Written by Nicole – a current graduate wife
Who am I?
I can tell you who I used to be.
A blonde, tan cheerleading captain, one half of the large California public high school power couple (the other half being the quarterback of the football team, naturally).
An over-involved, over-achieving student, active in student government, athletics, and community service from elementary school to graduate school.
A loving daughter of well-respected parents, whose connections coupled with the aforementioned drive for success earned her several job offers in education.
A capable, passionate teacher who was gifted the Award for Teaching Excellence, voted on by her colleagues.
I’m not any of those things anymore.
Who am I?
Now I’m just another graduate student’s wife.
The pier of what I have known to be my identity has been slowly crumbling because each of the pillars holding it up in the middle of the ocean is being knocked out. At this point, I’m not sure what else can be removed from under me, but I’m afraid there’s more to come. Through tears as we lay in bed one night, I told my husband that I feel like I don’t have much else for God to take away from my life. Which of these pillars could I be relying on?
Money? The year of my salary we saved to move here and pay international student fees is disappearing faster than you can say “lickety split.”
Family/Friends? We’re far, far away from them. Very far.
Marriage? We’ve been through enough seriously tough, painful crap to know better than to worship each other.
Children? Don’t have those, and can’t have those. No medical explanation on either side of the pond as to why. Can’t adopt here, and can’t adopt there. We’re just plain stuck on that front.
Health? My daily struggle with the ol’ chronic illness without a cure (a.k.a. the ‘betes) reminds me that this is not a given.
Appearance? My skin is verging on translucently pale, I’ve probably gained a solid 10 pounds (conservative estimate) this winter, and my hair is the color of dirty dishwater.
House? I live in a barn. I’m not exaggerating.
Possessions? Two suitcases worth, with half of the space in them taken up by medical supplies.
Convenience? What’s that? Most everything here is a p r o c e s s.
Luxury? Okay, I do miss driving wherever I want, whenever I want; going to the movies; getting my nails done (twice a year, but whatever); wandering through Target; and Mexican food.
Career? I don’t have one at present, and there is nothing promising on the horizon despite the dozens and dozens (and dozens!) of applications I’ve filled out. I know that these years here require sacrifice on my part, and I am willing to do whatever it takes to keep us afloat, but bearing the sole weight of the financial responsibility for our family feels very unnatural to me. It freaks me out, to be perfectly honest.
Education? It’s hard to brag about my grade point average when that’s not a term that people here understand or accept as a legitimate form of assessment.

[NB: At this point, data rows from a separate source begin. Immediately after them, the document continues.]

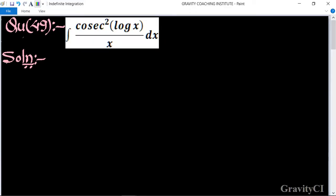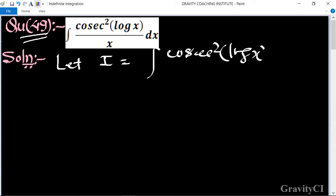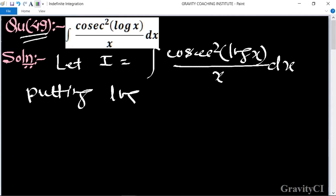Chapter: Indefinite Integrations, Question number 49. Integration of cosec²(log x) / x dx. So first we let I equal to the integral of cosec²(log x) / x dx. Here we put log x equal to t.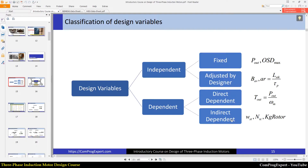The last category is indirect dependent variables. These are variables whose values we calculate through a sequence of calculations. For example, the width of a stator tooth or number of turns per each coil — for these we must follow a sequence of equations. Design objectives also exist in this category, for example the weight of the rotor. If you want to optimize the motor for a specific goal, you should pick your objective from this category.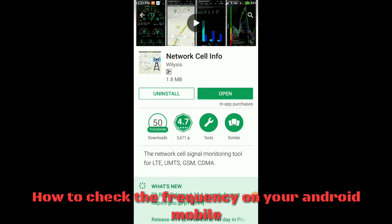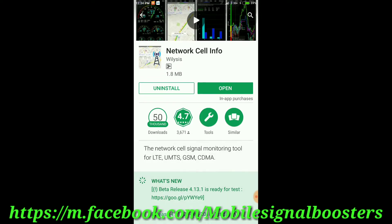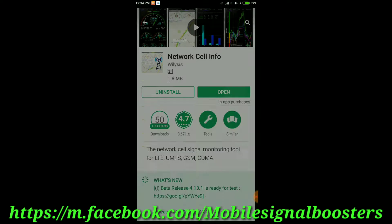Hi everyone. Today I am going to show how to check your cell phone frequency. First of all you have to download the application from the Play Store. The application name is Network Cell Info. You can easily find it from the application store — please note it is not the Network Cell Info Lite application, it is the Network Cell Info application. You have to open the application first.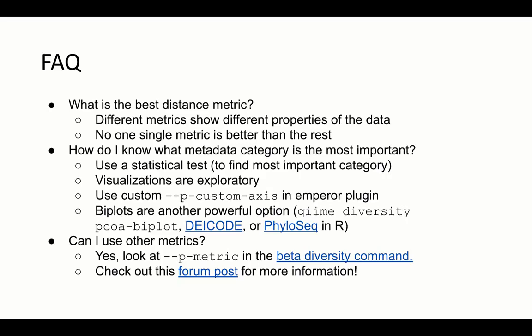One of the most common questions we get is: what is the best distance metric? The reality is there is no single best distance metric. Different metrics account for different properties of the data, and you should rely on the interpretation of the metrics to choose what to use. Another common question is how to know what metadata category is most important — in general, you can't assess this through PCoA alone; you want to use statistical tests like those mentioned before. There are a few dozen metrics available in QIIME 2 — you can use the diversity command with the --p-metric flag to see a list, and a forum post is linked for explanations and citations.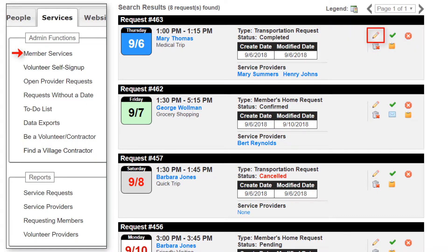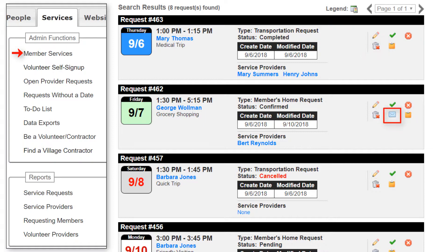The edit icon lets you edit the service request. Use the mark complete icon to mark the service request as complete — you'll see a pop-up form which allows you to collect comments, ratings, time, expenses, etc. The cancel icon lets you mark the service request as cancelled, and the request remains in the database. Use the delete icon to remove the service request completely — you'll be prompted to confirm the action as it cannot be reversed. Click the resend email icon to have the system resend confirmation emails to the member and any selected service providers; note that this icon is only displayed for confirmed requests. And you can use the copy icon to make a copy of this service request — the system supports single and multiple copies, and this icon is not displayed for contractor referrals.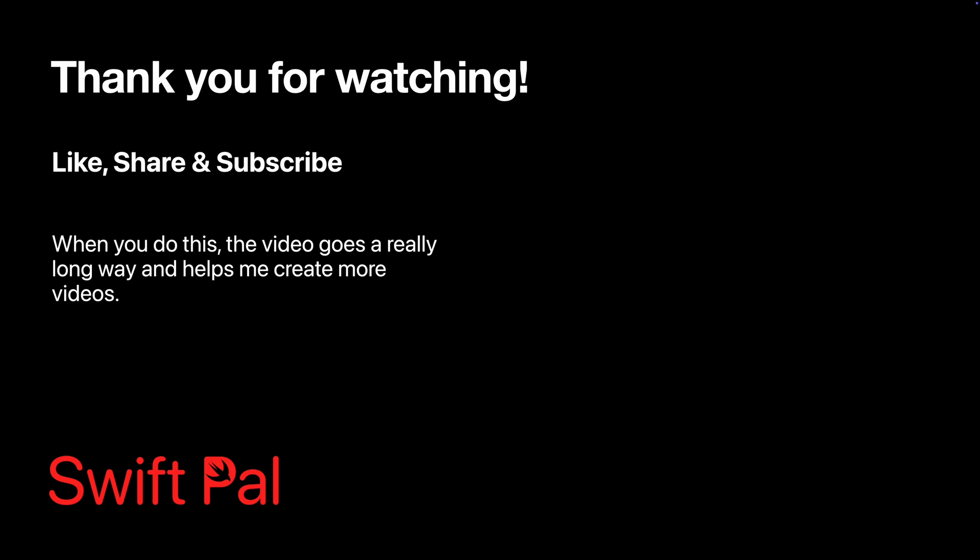Check out my SwiftUI mastery playlist for the complete journey from beginner to expert. This is the foundation you need to build scalable SwiftUI applications. See you in the next tutorial.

Myself? I started out my unemployment tenure with a strict hourly schedule to keep productive and happy. That lasted two days. Now I just stay in my pajamas too long and bake too many cookies and realize what a wretched, sinful woman I am who can’t do anything apart from God’s grace.
I know that these losses I’m grieving are completely relative. Life is hard in general, but my life is not that hard. I could lose much more. I could be suffering without food, clothing, shelter, or loving relationships. I’ll be the first to tell you that I’m really a completely spoiled American brat who doesn’t have the first understanding of God’s faithfulness or the brevity of life.
I know this is where we’re supposed to be right now. My husband is thriving in his work, being affirmed by his supervisor and peers, and really loving his studies. For that I am supremely grateful.
I, on the other hand, feel like my world has been completely rocked. All the things I thought I was either aren’t true of me anymore or don’t really matter at all.
Who am I?
After sending a prayer SOS to some close friends, one wrote this response back to me. As a Christian, these words spoke deeply to me and I hope that even if you are not of a faith, that you can find truth and comfort in them too.
You are loved and have value by simply existing. To suddenly have no career and “little productivity” is an extreme shock to the system, but at the end of the day whether or not you have accomplished anything speaks nothing to your value. You are loved. Period. PJs, sleep in days, no work, pale skin, LOVED. “While we were still sinners, Christ died for us.” He loved us before we had ourselves together.
I totally appreciate the joy it brings to check things off a list and feel like you have “done something.” But maybe there are other plans in store for you right now. Use this time to listen, to be patient, to slow down, to discover.
In your graduate wife journey, what has been the most difficult part of your ‘identity shift’?